= M current =

M current is a type of noninactivating potassium current first discovered in bullfrog sympathetic ganglion cells.

The M-channel is a voltage-gated K+ channel (Kv7/KCNQ family) that is named after the receptor it is influenced by. The M-channel is important in raising the threshold for firing an action potential. It is unique because it is open at rest and even more likely to be open during depolarization. Furthermore, when the muscarinic acetylcholine receptor (MAChR) is activated, the channel closes. The M-channel is a PIP_{2}-regulated ion channel. Kv7 channels have a prominent expression throughout the brain.

== Function ==

===Actions of M-currents: "phasic-firing"===
M-channels are the reason for slow depolarizations produced by ACh and LHRH in the autonomic ganglia and other specified areas.
1. Initial depolarization of a neuron increases likelihood that M-channels will open.
2. M-channels generate an outward potassium current (I_{K}).
3. Potassium efflux counteracts sodium influx in action potential (AP).
Overall result: full action potential is prevented.

===Inhibition of M-current: "tonic-firing"===
When muscarinic acetylcholine receptors are activated, potassium (K+) channels become more likely to be closed. Neuron becomes tonic-firing.

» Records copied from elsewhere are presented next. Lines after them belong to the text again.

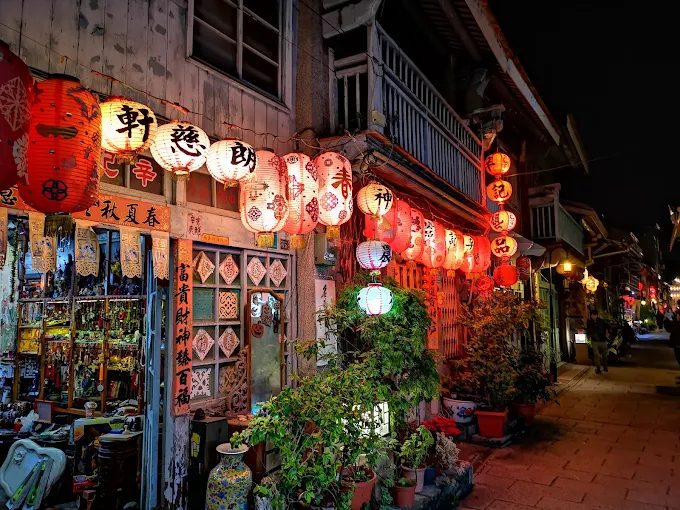 當暮色降臨我在台南夜景景點散步，看城市光影一層層展開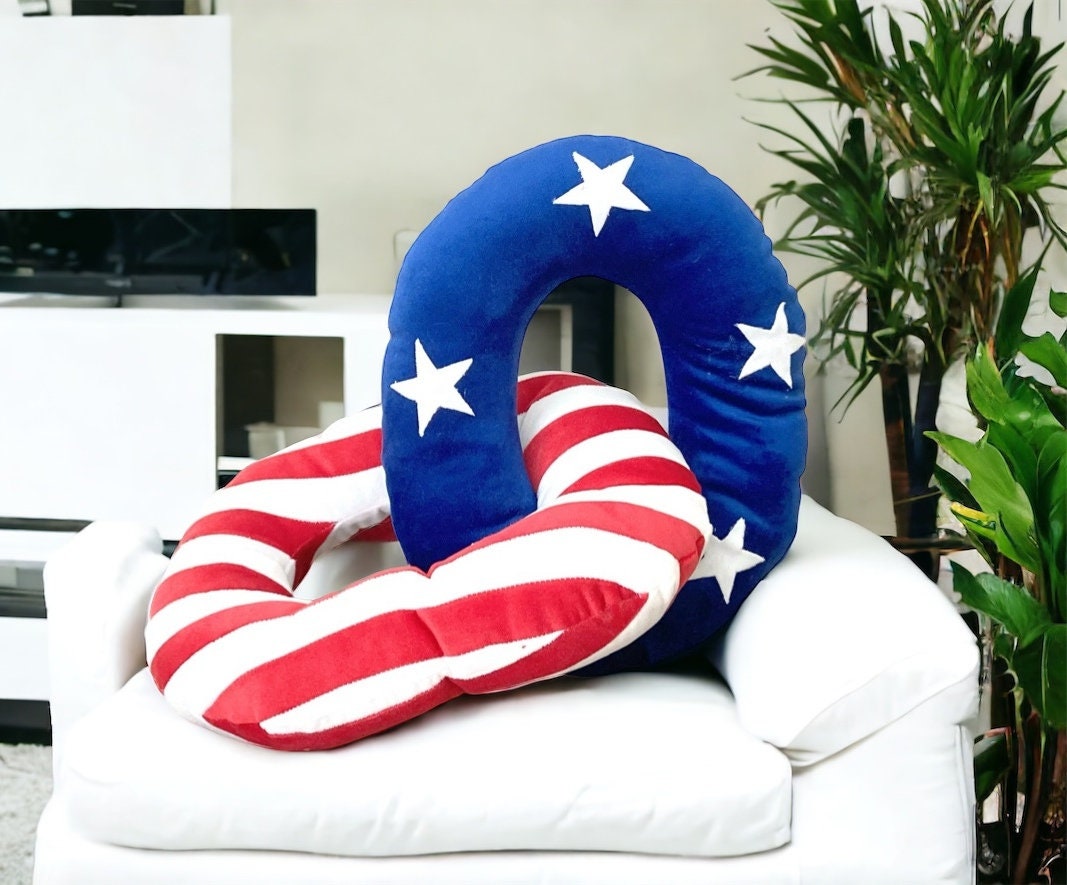 American Flag Velvet Chain Link Pillow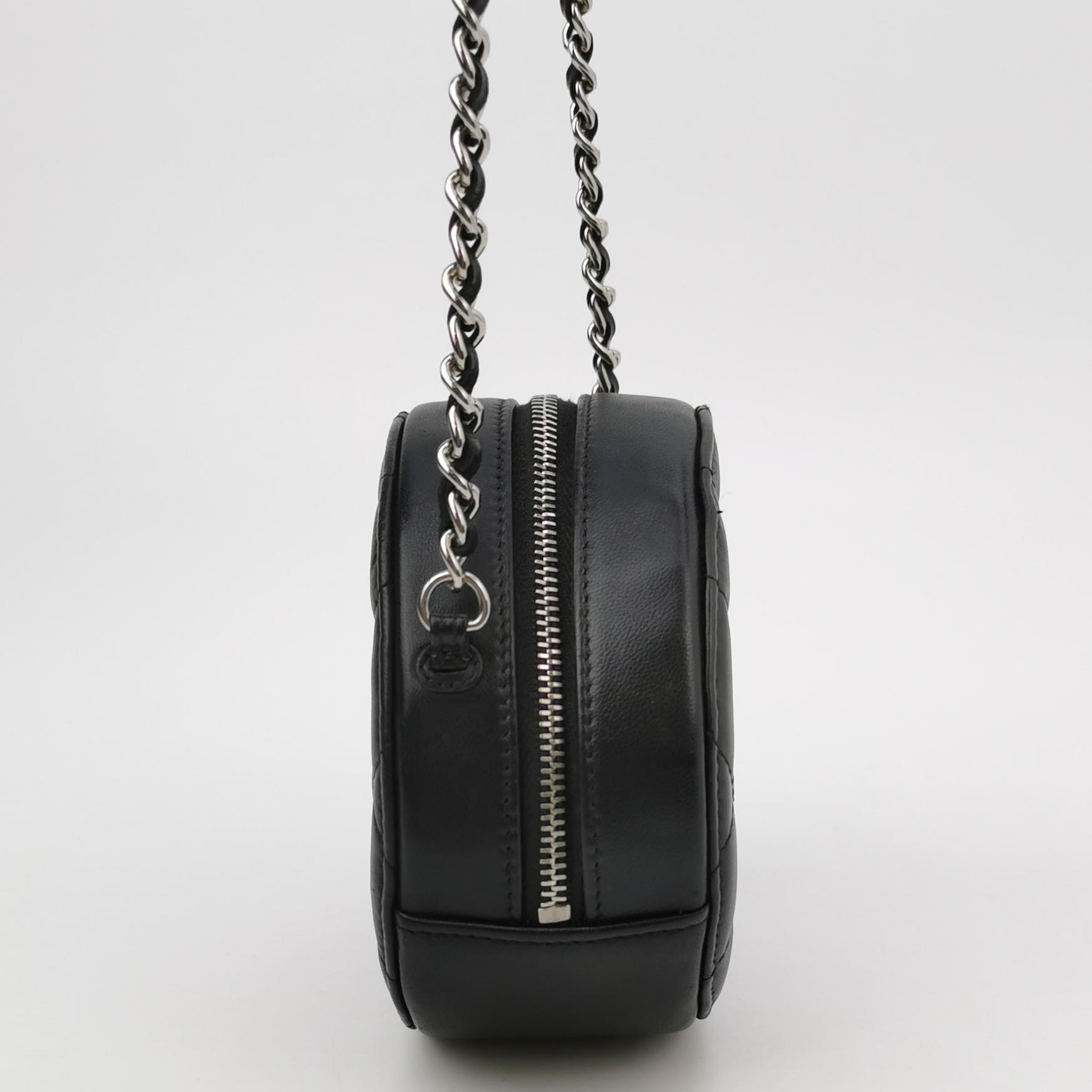 Chanel Round Clutch with Chain Quilted Caviar Mini — photo 4 of 13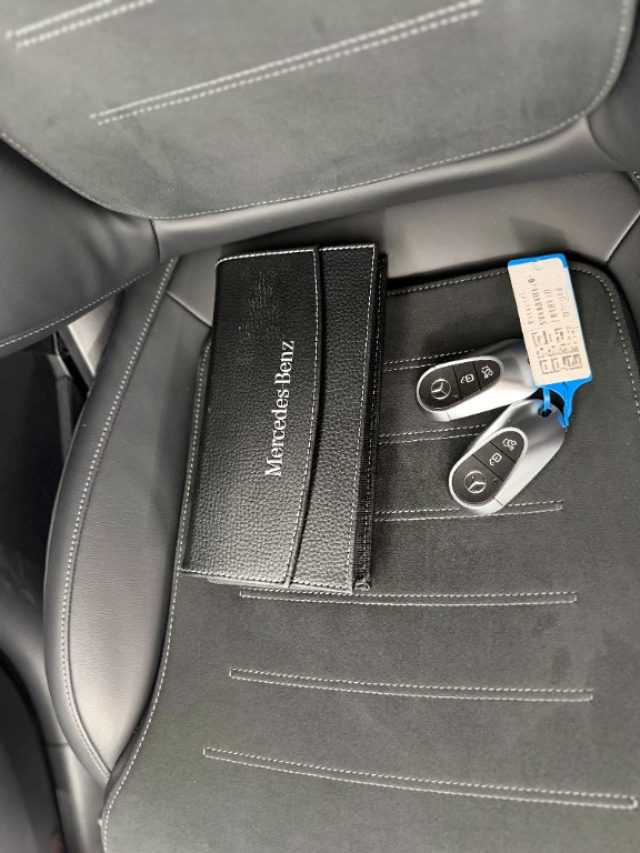 MERCEDES-BENZ C 220 usata, con Bluetooth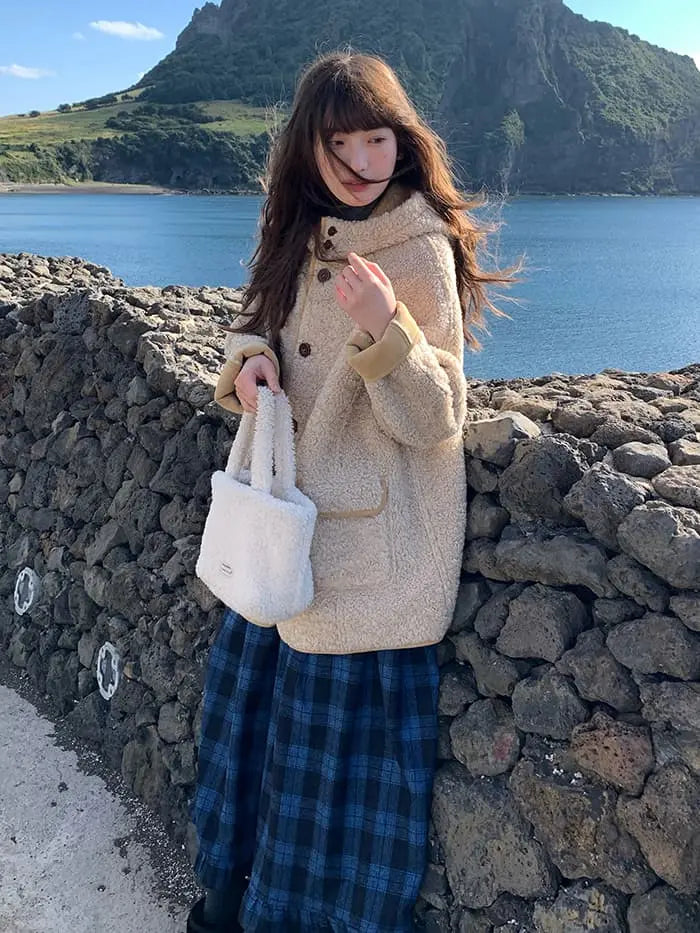 リバーシブル フード付き ボアブルゾン LUMIYUMI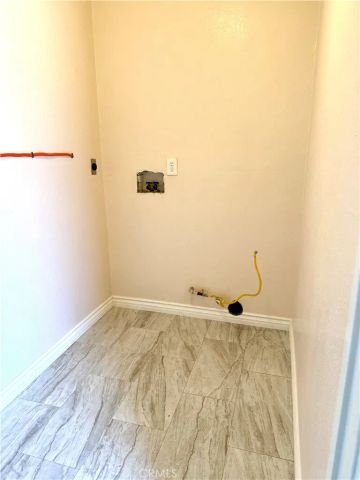 16936 Baseline, Fontana, CA 92336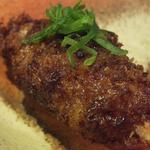 大阪串かつ　テンテコマイ - 【特串】「みそかつ」：ホッとする甘さの味噌がかかってホッコリとした食べ応え！
      
      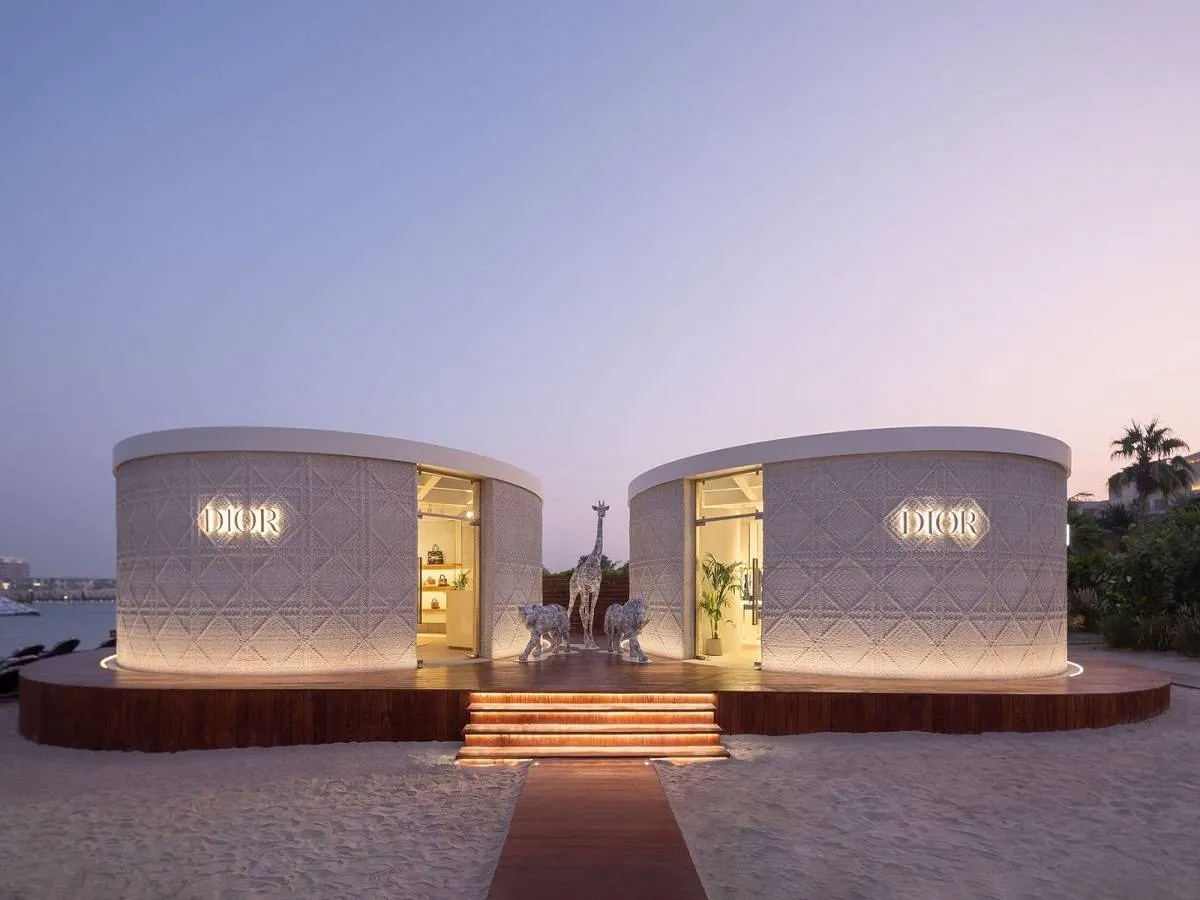 تعيد افتتاح متجرها المؤقّت الفريد الذي حلمت به مع شركة "مشروع الادّخار العالمي المتقدّم" WASP في نادي "ناموس" الشاطئي في دبي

This reduction in M-current is coupled with the actions of the G_{q} G-protein. Specifically, the hydrolysis of PIP_{2} to IP_{3}. This hydrolysis causes PIP_{2}, which is bound to the membrane, to become IP_{3} and dissociate from the membrane into the cytoplasm. When M-current is restored, it moves back to the membrane. There is some evidence for different theories of how M-channel activity is directly affected by PIP_{2}.

==Clinical implications==

Benign familial neonatal seizures (BFNE) is an autosomal dominant inherited form of seizures. There are three known genetic causes of BFNE, two being in the channels KCNQ2 and KCNQ3.

Valproic acid and retigabine are examples of medications used to treat epilepsy which are known to mediate their anti-seizure activity partly through enhancement of the M-current.